Missing Value Estimation using Clustering and Deep Learning within Multiple Imputation Framework
This work addresses the problem of missing data imputation for machine learning practitioners, offering incremental improvements to existing methods.
The paper tackles missing value imputation in tabular data by enhancing the MICE framework with ensemble learning, deep neural networks, and clustering-based sample characterization (CISCL), showing that CISCL plus baseline MICE outperforms baseline MICE across all missingness percentages and types, and that proposed methods like GB-MICE-CISCL surpass seven baseline algorithms in most cases, with classification accuracy improvements for imputed data.

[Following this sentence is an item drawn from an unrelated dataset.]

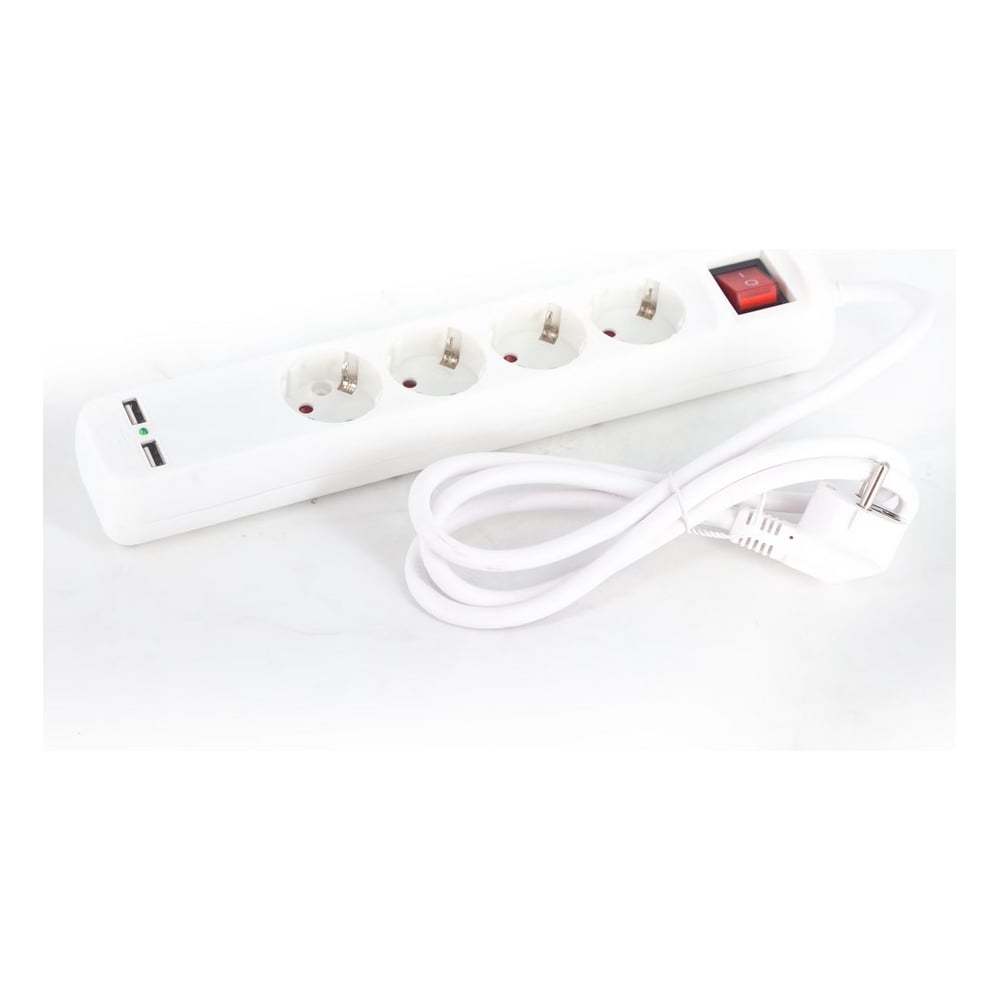 Изображение товара Удлинитель GREPP (4+2(USB) гнезда;3м;с заземлением;выключатель;белый) /20 2511-07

Missing values in tabular data restrict the use and performance of machine learning, requiring the imputation of missing values. The most popular imputation algorithm is arguably multiple imputations using chains of equations (MICE), which estimates missing values from linear conditioning on observed values. This paper proposes methods to improve both the imputation accuracy of MICE and the classification accuracy of imputed data by replacing MICE's linear conditioning with ensemble learning and deep neural networks (DNN). The imputation accuracy is further improved by characterizing individual samples with cluster labels (CISCL) obtained from the training data. Our extensive analyses involving six tabular data sets, up to 80% missingness, and three missingness types (missing completely at random, missing at random, missing not at random) reveal that ensemble or deep learning within MICE is superior to the baseline MICE (b-MICE), both of which are consistently outperformed by CISCL. Results show that CISCL plus b-MICE outperforms b-MICE for all percentages and types of missingness. Our proposed DNN based MICE and gradient boosting MICE plus CISCL (GB-MICE-CISCL) outperform seven other baseline imputation algorithms in most experimental cases. The classification accuracy on the data imputed by GB-MICE is improved by proposed GB-MICE-CISCL imputed data across all missingness percentages. Results also reveal a shortcoming of the MICE framework at high missingness (>50%) and when the missing type is not random. This paper provides a generalized approach to identifying the best imputation model for a data set with a missingness percentage and type.